Best practices — and the mistakes that come back to bite you
- Avoid the letter O and the digit 0 together, and the letter I or lowercase l next to the digit 1 — on a printed label these are genuinely hard to tell apart. This generator flags both automatically.
- Never start a SKU with a zero. Excel and Google Sheets silently strip leading zeros when a cell is treated as a number, turning "007-BLU" into "7-BLU" the moment someone re-opens your export.
- Don't encode information that changes — a supplier's cost price or a shelf location. Both change independently of the product itself.
- Keep the format identical across your whole catalogue. A SKU scheme that's 8 characters for one category and 14 for another looks fine until you try to sort a spreadsheet by SKU and the columns don't line up.
- Stick to A–Z, 0–9, hyphens, underscores and full stops. Spaces and special characters cause silent failures in CSV imports on most marketplace bulk tools.
Marketplace-specific SKU rules for Gibraltar-based sellers
Cross-border selling on Amazon.co.uk and eBay UK is the most common route for Gibraltar sellers, given the territory's trading relationship with the UK. Amazon's "Seller SKU" field allows up to 40 characters, and eBay's equivalent "Custom Label" field allows 50 — both are internal-only fields, never shown to buyers, and both strongly favour plain letters, numbers and hyphens over special characters, which have historically caused feed errors.
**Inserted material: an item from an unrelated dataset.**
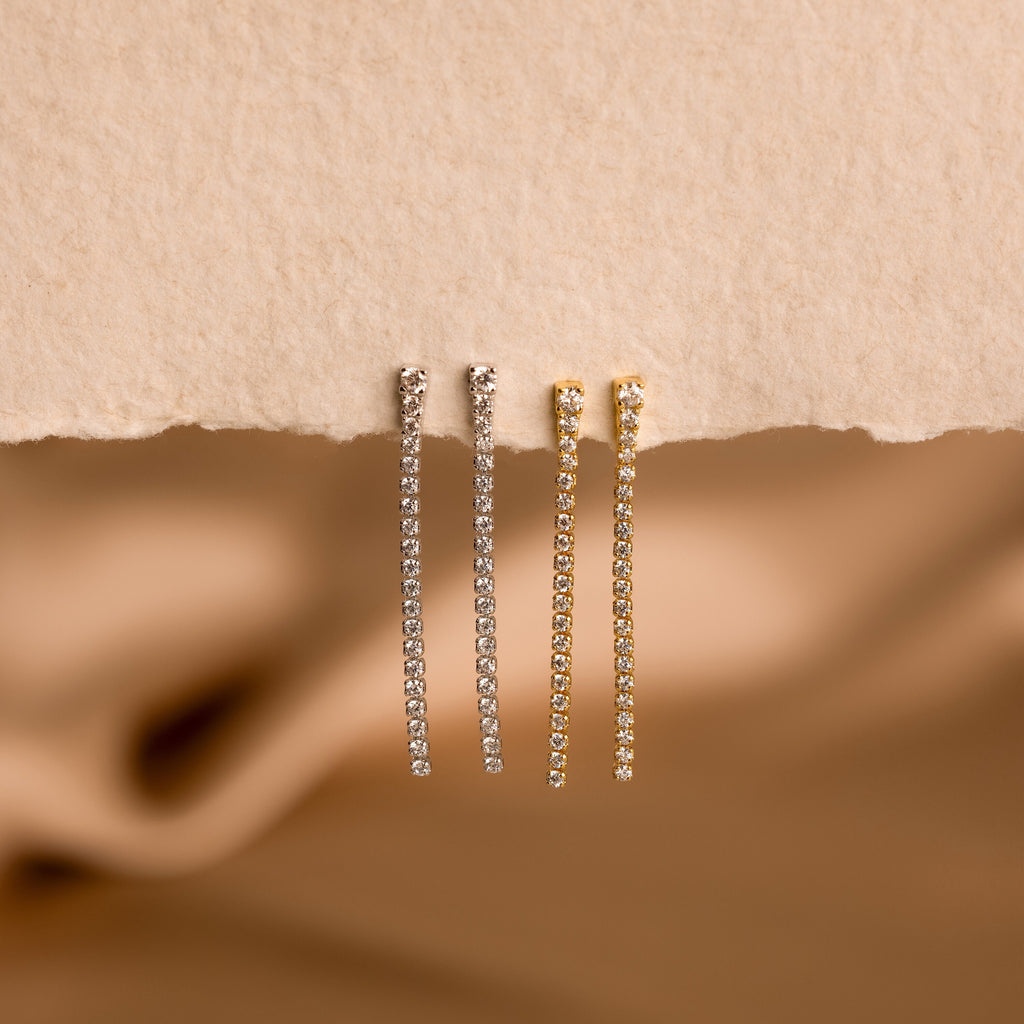 Two pairs of Diamond Tennis Dangle Earrings—one in silver, one in gold—shine on a textured beige surface, highlighting their elegant design that’s perfect for any occasion.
Because Gibraltar sits outside the EU customs union while trading heavily with both the UK and EU markets, sellers frequently list the same product across UK and EU marketplaces under the same internal SKU but different regional listing IDs — keeping one master SKU list, generated once here, avoids maintaining separate numbering schemes per marketplace.
Bulk workflow: from spreadsheet chaos to a clean variant matrix
The single biggest time cost in SKU management is entering size/colour combinations one at a time. If you stock 4 sizes and 5 colours across 3 styles, that's 60 SKUs — manageable in this tool in under a minute, because entering "S, M, L, XL" once against Size and all five colour names once against Colour generates every combination automatically as a true cartesian matrix, not a queue of single-item forms.
Once generated, sort the results table by any column to spot-check a size run, copy the whole set to your clipboard, or export to CSV or Excel. The Excel export writes every SKU as text, not a number, so codes with leading digits or hyphens import into your inventory system or a marketplace bulk-upload template exactly as generated.